# DIY stick steer



## Rwhellmer (Jul 11, 2017)

Anyone have any advice on how to make a diy stick steer setup? I'd like to make my 2.5 on my gheenoe stick steer


----------



## lemaymiami (Feb 9, 2007)

Before you head down that road... most boat makers long ago got away from stick steering for a variety of reasons... Can't think of one current maker using that system. The last skiff I stepped aboard with stick steering was back in 1976... There might be a few still rigging that way in freshwater but that's about it....


----------



## LowHydrogen (Dec 31, 2015)

I think the hardest part would be the throttle on a motor that size, but you can probably make something like older lawnmowers used to have.
Contact Holley Outdoors in Blountstown (Tohatsu dealer) or there is Blountstown Small engine (Mercury dealer). Either can probably sell you all the stuff you need, they both service/rig a lot of small stick steer boats. 

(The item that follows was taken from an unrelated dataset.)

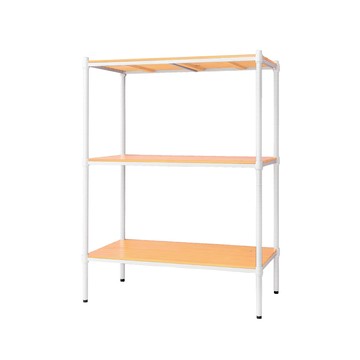 【dayneeds】松木90x45x120公分三層烤白原木板收納層架
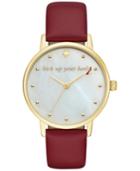 Kate Spade New York Women's Metro Merlot Leather Strap Watch 34mm Ksw1209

There are several manufacturers up that way that rig/build stick steer. If you wanted to talk to some of them about how they do it contact Scandy-White, Bracewell, or Potter-built, most of them are around the Blountstown/Bristol area in Calhoun Co.


----------



## Rwhellmer (Jul 11, 2017)

A lot gheenoes still have stick steer. Mainly bigger more elaborate ones. The throttle now is just like that of a lawn mower. I'm just looking for the convenience of steering. I'll attach a pic of my seating situation and maybe that will help people visualize. I sit on top of the cooler


----------



## LowHydrogen (Dec 31, 2015)

Cool boat, I like Gheenoes.
If you already have a throttle control worked out, and you're not any further from the motor than that, I'd just build some kind of tiller extension.


----------



## Guest (May 14, 2018)

You can buy a stick steer and cable set up. They also make a transom mount to run the standard teleflex cable into. You’d have to figure out how to attach to the motor, but this would be the safest route in my opinion as opposed to re inventing the wheel.


----------